Well it’s been an interesting few days, and psychologically difficult ones too. I’ve thought long and hard about this post and what I would or wouldn’t say, for reasons that will become immediately apparent. The simple fact of the matter is that on Wednesday night I found myself in a position where I had to eat some food. Now, before there is a massive chorus of disapproval and disbelief (I know that nobody genuinely has to eat food) I’ll explain. As I said in my previous post, I was on a course for the duration of last week, and was coping with everything quite well. What I didn’t realise was that on the Wednesday night there was a dinner organised with some luminaries from my industry, and as one of the tutors I was going to be on the ‘top table’. After much soul searching (it would’ve been exceptionally awkward not to eat, or to eat lighter life food at the table, and not attending the dinner was not an option) I rang my lighter life counsellor for advice on how best to handle it. She was very helpful and we agreed that the best thing for me to do was to tread very carefully and have a small amount of food (grilled sea bass with a handful of salad leaves, to be precise).

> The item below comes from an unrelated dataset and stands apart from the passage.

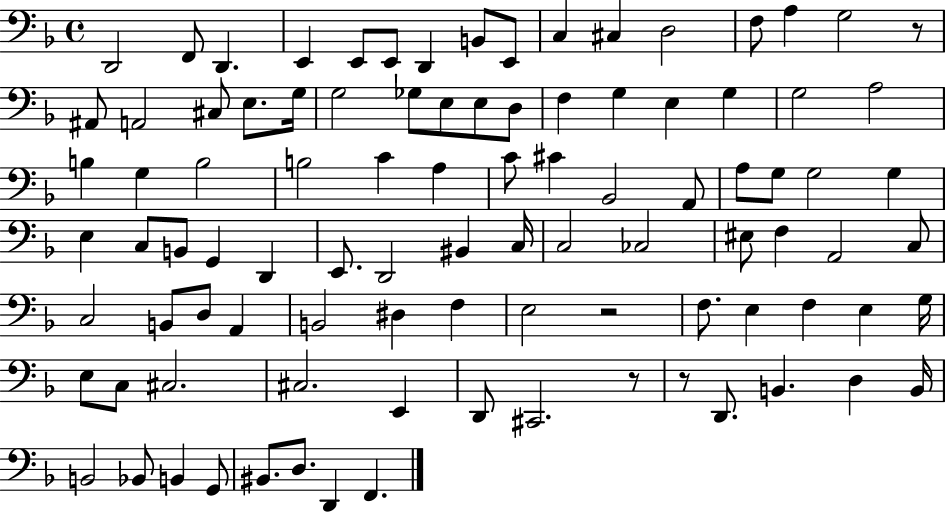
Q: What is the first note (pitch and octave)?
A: D2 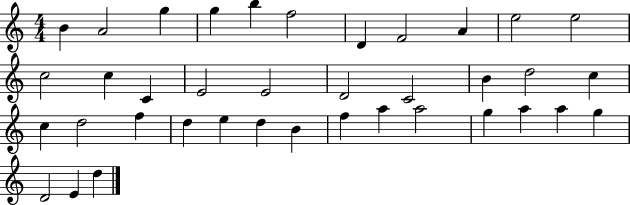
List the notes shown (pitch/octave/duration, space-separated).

B4/q A4/h G5/q G5/q B5/q F5/h D4/q F4/h A4/q E5/h E5/h C5/h C5/q C4/q E4/h E4/h D4/h C4/h B4/q D5/h C5/q C5/q D5/h F5/q D5/q E5/q D5/q B4/q F5/q A5/q A5/h G5/q A5/q A5/q G5/q D4/h E4/q D5/q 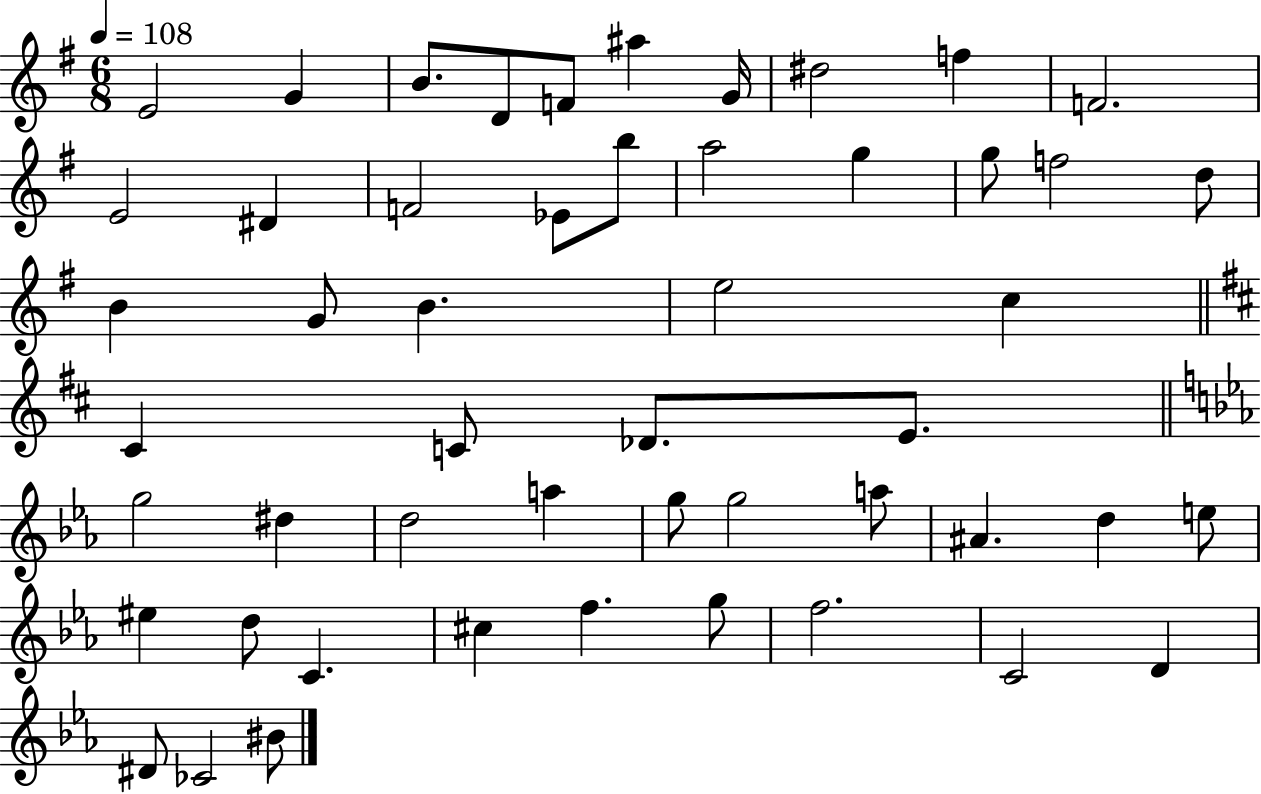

So that’s what I did. My counsellor warned me that it would be difficult to get back into abstinence, but that she felt I was strong enough to do it as I’d been so focused to date. And boy was she right. I feel as if my grip on the diet has slipped slightly, which is so bloody frustrating because I’ve come so far. I’ve managed to get back on the wagon, of course, but my internal monologue has been at war with itself ever since I ate. I just can’t stop this diet now … I’m so close to my goal and really feel that I deserve to get there. Not for the first time I’m reminded that this diet is not a physical challenge, but a mental one.
Things have been made even more tricky by the fact that I left the course on Friday afternoon and headed straight for a music festival. There are eight of us staying here (at the ATP festival at Butlin’s in Minehead, no less) in two chalets for a weekend of music, heavy drinking and eating rubbish food. For me, it’s music and water and trying to regain my solid grip on abstinence. It’s been hard. For some reason I’m really craving chocolate and I now find myself surrounded by half empty packs of the stuff (along with crisps, snacks and nuts) in our chalet. I can’t be a colossal killjoy and ask people to put the food away … I’ve not had a problem with being around food until now and I think it all goes back to the fact that I ate on Wednesday and that I’m not used to having that sort of rubbishy food hanging around. We just don’t have that kind of thing at home. It’s been a difficult weekend … grrrrr! Although it’s been brilliant fun at the same time and I’ll definitely come back next year.
So that’s what’s been occupying me for the last few days. It will be good to get back to London on Monday night and back to my lighter life group (or first session in developers, as my foundation period is almost over, wahey!) and back to normality. Then I can brace myself for the final stretch. This is currently testing me to my limit.